Aşık Sefai’nin çok beğendiğim bir şiiri vardır.
Bayraksızlar.
Şiir şöyle konuşur:
Bayraksızlar bayraksızlar
Yere düşse bayrak sızlar
Nerden bilsin kıymetini
Soysuz sopsuz bayraksızlar
Çok derindir mesela bu şiirin anlamı.
Şu ana kadar milli benlik ile yaşamayı bilememiş gruplara göre pek bir anlamı yoktur.
Bayrağın.
Bayrağın ne kıymetini, ne geçmişini ne de geleceğini düşünür bu bayraksızlar.
Hiçbir zaman kendini bir yere ait hissedememiş kişiler nerden bilsin bayrağın kıymetini.
Naçizane Aşık Sefai’nin düşüncesine emek yönünden bir katkı yapmak isterim.
Günümüz Türkiye’sinde ise şöyle olabilir:
Emeksizler emeksizler
Yere düşse emek sızlar
Nerden bilsin kıymetini
Soysuz sopsuz emeksizler
Bunu neden böyle söylediğimi de açıkça belirteyim.

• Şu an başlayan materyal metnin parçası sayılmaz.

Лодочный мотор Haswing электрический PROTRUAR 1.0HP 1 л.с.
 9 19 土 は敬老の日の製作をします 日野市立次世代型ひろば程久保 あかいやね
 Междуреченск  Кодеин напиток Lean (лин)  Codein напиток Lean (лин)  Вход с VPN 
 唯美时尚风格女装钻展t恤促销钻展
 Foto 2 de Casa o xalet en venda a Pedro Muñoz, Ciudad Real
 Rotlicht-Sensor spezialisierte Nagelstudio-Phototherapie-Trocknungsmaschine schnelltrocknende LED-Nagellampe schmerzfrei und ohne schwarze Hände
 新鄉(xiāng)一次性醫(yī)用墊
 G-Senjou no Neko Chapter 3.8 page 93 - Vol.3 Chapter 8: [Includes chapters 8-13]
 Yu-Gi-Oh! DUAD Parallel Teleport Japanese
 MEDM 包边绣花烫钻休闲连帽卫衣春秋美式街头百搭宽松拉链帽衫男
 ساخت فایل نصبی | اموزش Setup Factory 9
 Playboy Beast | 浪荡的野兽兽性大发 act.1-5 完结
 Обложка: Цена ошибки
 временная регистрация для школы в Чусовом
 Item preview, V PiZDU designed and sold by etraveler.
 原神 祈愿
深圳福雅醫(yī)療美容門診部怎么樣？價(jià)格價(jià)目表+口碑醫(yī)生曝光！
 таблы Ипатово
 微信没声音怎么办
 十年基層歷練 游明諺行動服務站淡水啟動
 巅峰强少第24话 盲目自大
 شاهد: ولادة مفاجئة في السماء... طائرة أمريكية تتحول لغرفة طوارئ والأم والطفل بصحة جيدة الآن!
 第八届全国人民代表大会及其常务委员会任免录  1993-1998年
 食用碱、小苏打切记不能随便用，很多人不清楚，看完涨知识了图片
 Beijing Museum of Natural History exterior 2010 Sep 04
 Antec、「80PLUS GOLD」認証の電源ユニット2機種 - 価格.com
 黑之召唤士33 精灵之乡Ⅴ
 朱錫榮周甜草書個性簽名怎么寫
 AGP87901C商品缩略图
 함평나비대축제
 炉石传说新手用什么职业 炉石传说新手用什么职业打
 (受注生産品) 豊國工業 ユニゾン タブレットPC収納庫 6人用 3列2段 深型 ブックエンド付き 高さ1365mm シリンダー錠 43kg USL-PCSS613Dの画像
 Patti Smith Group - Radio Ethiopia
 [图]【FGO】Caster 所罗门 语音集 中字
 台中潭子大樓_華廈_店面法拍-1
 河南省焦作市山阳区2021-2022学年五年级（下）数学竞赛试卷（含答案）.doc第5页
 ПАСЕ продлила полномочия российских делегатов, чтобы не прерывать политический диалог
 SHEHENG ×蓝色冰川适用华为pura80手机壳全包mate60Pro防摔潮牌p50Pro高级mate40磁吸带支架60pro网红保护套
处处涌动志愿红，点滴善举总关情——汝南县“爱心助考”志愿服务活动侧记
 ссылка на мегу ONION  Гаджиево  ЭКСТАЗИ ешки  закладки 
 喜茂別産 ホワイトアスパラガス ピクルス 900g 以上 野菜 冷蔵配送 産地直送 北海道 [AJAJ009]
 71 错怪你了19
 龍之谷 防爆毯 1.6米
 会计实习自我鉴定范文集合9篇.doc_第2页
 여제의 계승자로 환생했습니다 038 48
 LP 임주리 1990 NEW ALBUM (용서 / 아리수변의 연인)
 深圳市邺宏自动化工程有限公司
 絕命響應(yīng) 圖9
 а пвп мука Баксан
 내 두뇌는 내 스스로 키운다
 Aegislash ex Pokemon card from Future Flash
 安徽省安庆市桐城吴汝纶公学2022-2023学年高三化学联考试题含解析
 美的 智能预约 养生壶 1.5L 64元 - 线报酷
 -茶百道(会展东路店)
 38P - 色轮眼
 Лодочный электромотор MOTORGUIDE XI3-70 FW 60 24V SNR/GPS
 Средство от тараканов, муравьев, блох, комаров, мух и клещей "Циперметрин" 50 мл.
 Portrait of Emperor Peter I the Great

Türkiye Cumhuriyeti’ni ileriye taşıyan emekçilerin halini ve patronların yeryüzünde yaşadığı cennet beni bu şahane şiirde ufak dokunuşlar yapmaya itti.
Emeğin değerini bilmeyen, servetlerini alın terlerine değil yüzsüzlüklerine ve düşüklükleri sebebiyle sağlayan emeksizler ne bilecek mesela?
Otobüsle eve-işe giden, ay sonunu getiremeyen, haftada 45 saatten fazla çalışan, mesaisini alamayan, özlük haklarından mahrum bırakılan, tüm hakları gasp edilmiş, tüm hayatı çalışarak geçen, haftada 1 gün izin bile çok görülen, gelecek hayali kuramayan, köşeye sıkışmış, tüm benliğini resmen sermayeye teslim etmiş emekçinin halinden ne anlasın emeksiz.
Dünya ile ortak bir yerde buluşacağını sanan, her konuda, her olayda, her çıkışta, her inişte bulunan veya bulunmak isteyen, her yere aitmiş gibi davranıp hiçbir yere ait olmayan bayraksızlar ve emeksizler nerden bilsin bayrağın ve emeğin değerini.